The problem with impure RNA is that it can trigger reactions, like swelling, that can be harmful, and even life-threatening
Researchers at the University of Massachusetts Amherst recently unveiled their discovery of a new process for making RNA, which made the resulting RNA purer, more copious, and likely to be more cost-effective than any previous process.
This new technique published in the Journal of Biological Chemistry removes the largest stumbling block on the path to next-generation RNA therapeutic drugs. If DNA is the blueprint that tells the cells in our bodies what proteins to make and for what purposes, RNA is the messenger that carries DNA’s instruction to the actual protein-making machinery within each cell. Most of the time this process works flawlessly, but when it doesn’t, when the body can’t make the protein it needs, as in the case of a disease like cystic fibrosis, serious illness can result.
One method for treating such protein deficiencies is with therapeutics that replace the missing proteins. But researchers have long known that it’s more effective when the body can make the protein it needs itself. This is the goal of an emerging field of medicine–RNA therapeutics. The problem is, the current methods of producing lab-made RNA can’t deliver RNA that is pure enough, in enough quantities in a way that’s cost-effective.
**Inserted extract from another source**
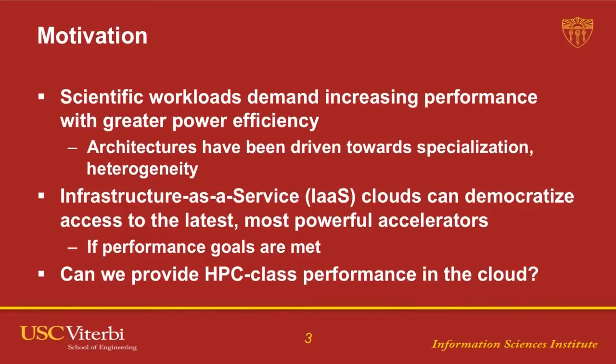Cloud, and in particular infrastructure-as-a-service clouds, can democratize access to these types of accelerators. We can make them available on demand in the cloud to anybody who wants to spin up a virtual machine. But they're useful as an HPC resource only as long as we can meet our performance goals. HPC users don't want to take a 5x hit on their performance. So the question is: can we provide HPC-class performance in the cloud?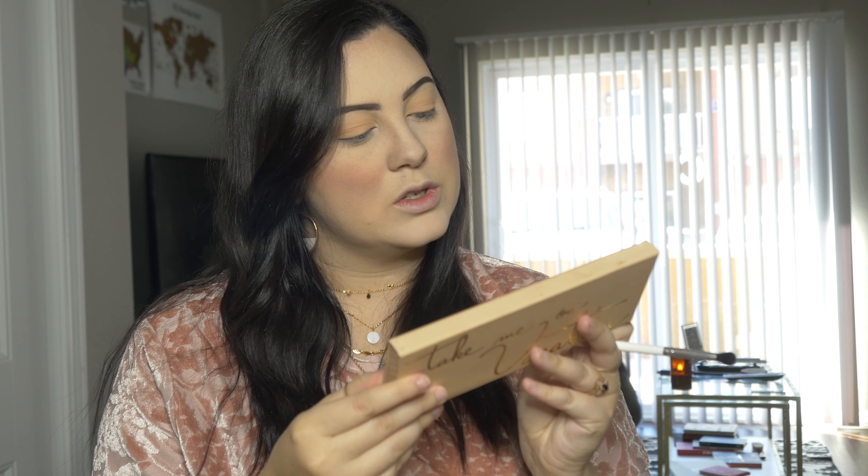Now that I put that Aloha color on, I'm going to go ahead with another little fan brush — the JH 37 — and hit the shimmery pink color in here.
“We need lots of RNA,” says Elvan Cavac, lead author of the paper, MBA student at UMass Amherst, and a recent PhD graduate in chemistry, also from UMass. “We’ve developed a novel process for producing pure RNA, and since the process can reuse its ingredients, yielding anywhere between three and ten times more RNA than the conventional methods, it also saves time and cost.”
The problem with impure RNA is that it can trigger reactions, like swelling, that can be harmful, and even life-threatening. For example, impure RNA can cause inflammation in the lungs of a patient with cystic fibrosis.
Conventionally manufactured RNA has to undergo a lengthy and expensive process of purification. “Rather than having to purify RNA,” says Craig Martin, the paper’s senior author and professor of chemistry at UMass, “we’ve figured out how to make clean RNA right from the start.”
The process that Cavac, Martin and their co-authors’ detail involves first increasing the salinity of the solution in which the RNA is generated, which inhibits the runaway production of RNA that leads to impurity. In this process, an enzyme called T7 RNA polymerase is “tethered” to a microscopic magnetic bead alongside a DNA promoter template–a specific sequence of DNA that codes for a specific RNA.
Once the polymerase and DNA promoter interact, they produce RNA whose purity is ensured by the surrounding saline solution. “Our method,” says Martin, “can be more than ten times better at producing pure RNA than current processes.”
Cavac, Martin and their colleagues are now turning to experiments that will allow them to scale up the production of RNA to satisfy society’s needs. “The real goal here,” says Martin, “is to have a ‘flow reactor,’ or continuous pipelines into which you can slowly feed the ingredients and have pure RNA continuously come out the other end.”